[Captioned web images]
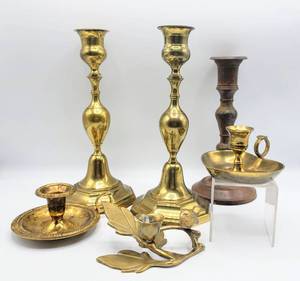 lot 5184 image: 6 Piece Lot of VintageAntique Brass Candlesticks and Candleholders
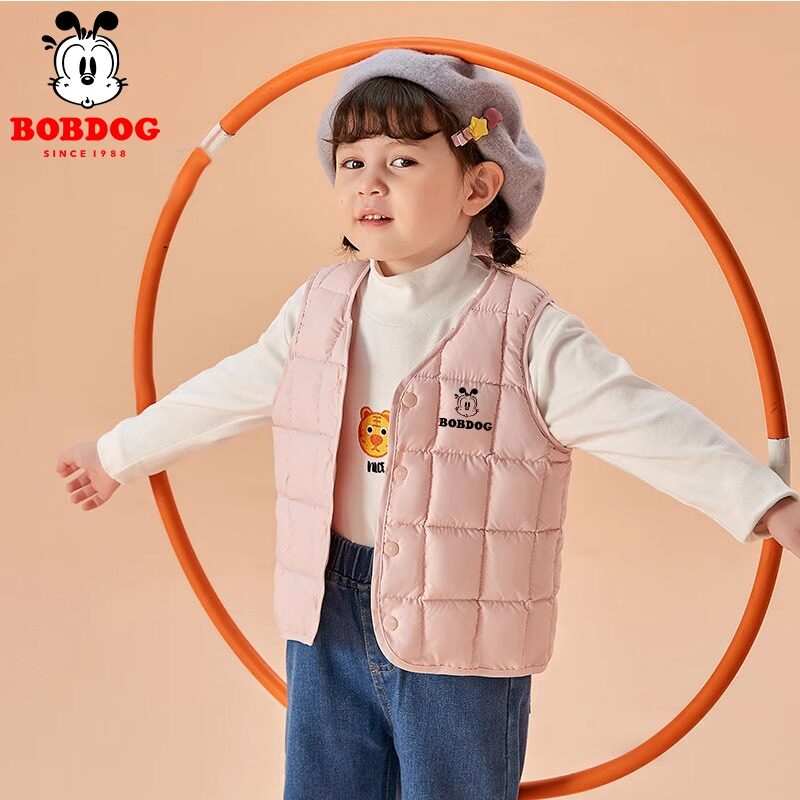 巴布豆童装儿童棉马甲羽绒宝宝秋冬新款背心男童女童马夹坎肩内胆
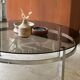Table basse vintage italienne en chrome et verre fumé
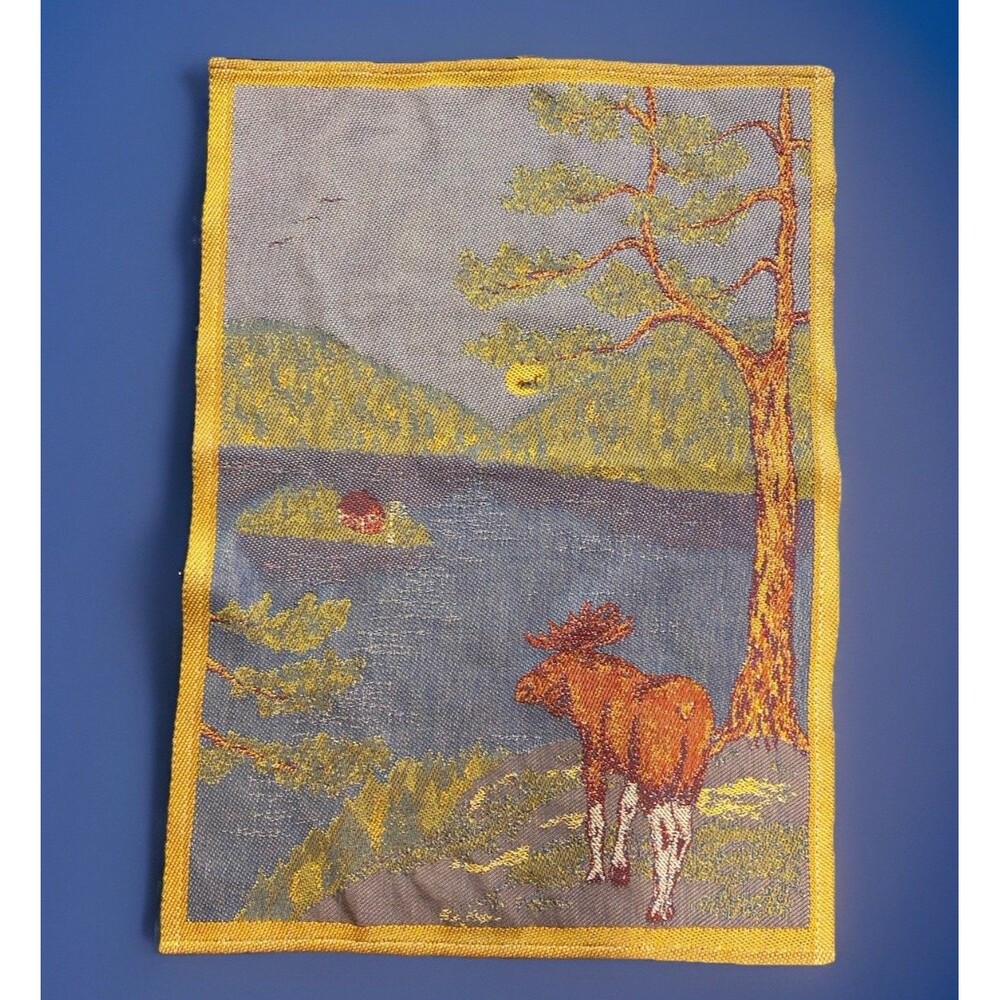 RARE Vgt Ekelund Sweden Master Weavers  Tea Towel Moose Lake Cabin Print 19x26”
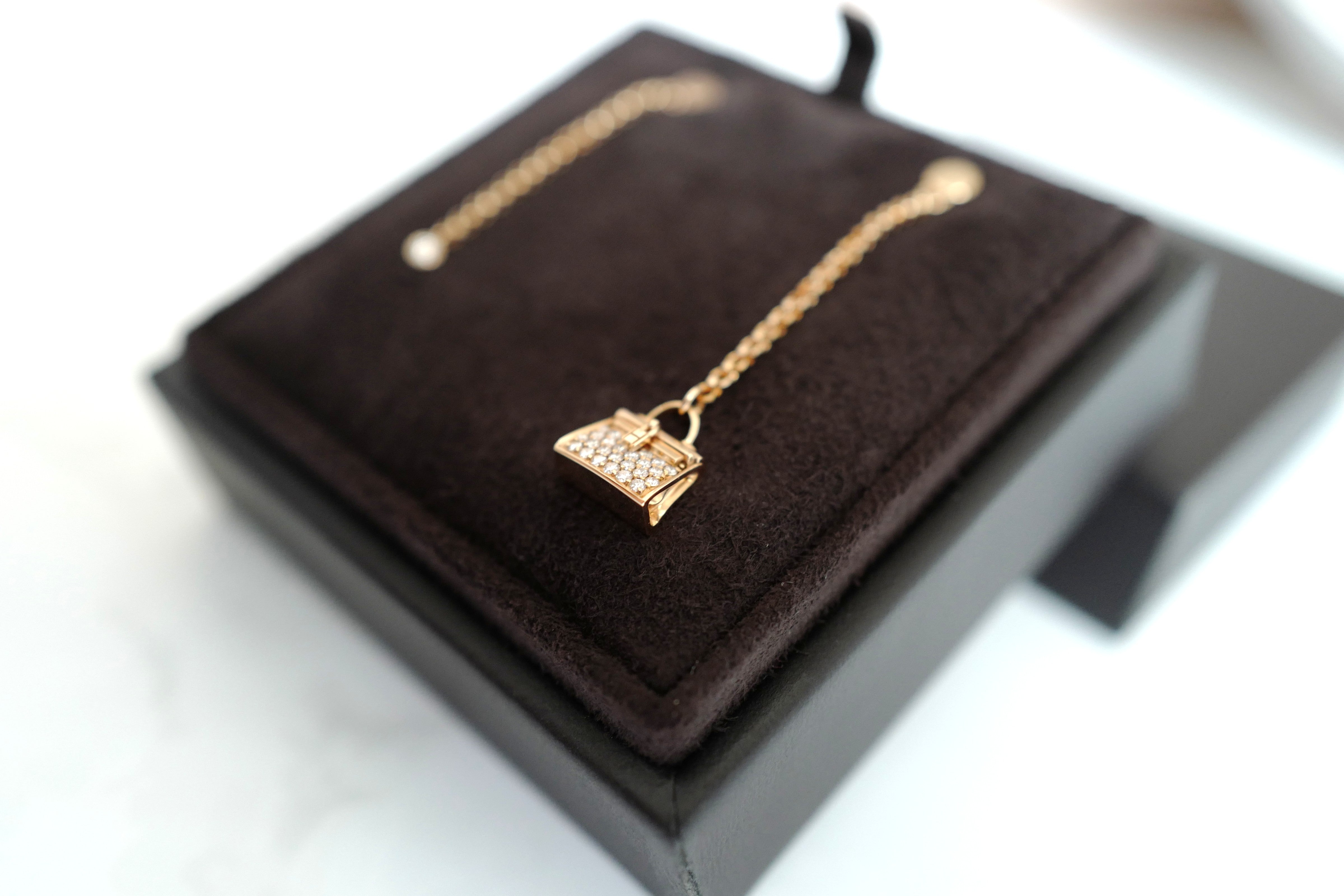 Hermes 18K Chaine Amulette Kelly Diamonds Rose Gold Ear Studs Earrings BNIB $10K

__The task__. When you find the line that contains "巴布豆童装儿童棉马甲羽绒宝宝秋冬新款背心男童女童马夹坎肩内胆", retype it and every line after it through the end of the data above, exactly, with no pictures.

__Task output__.
 巴布豆童装儿童棉马甲羽绒宝宝秋冬新款背心男童女童马夹坎肩内胆
Table basse vintage italienne en chrome et verre fumé
 RARE Vgt Ekelund Sweden Master Weavers  Tea Towel Moose Lake Cabin Print 19x26”
 Hermes 18K Chaine Amulette Kelly Diamonds Rose Gold Ear Studs Earrings BNIB $10K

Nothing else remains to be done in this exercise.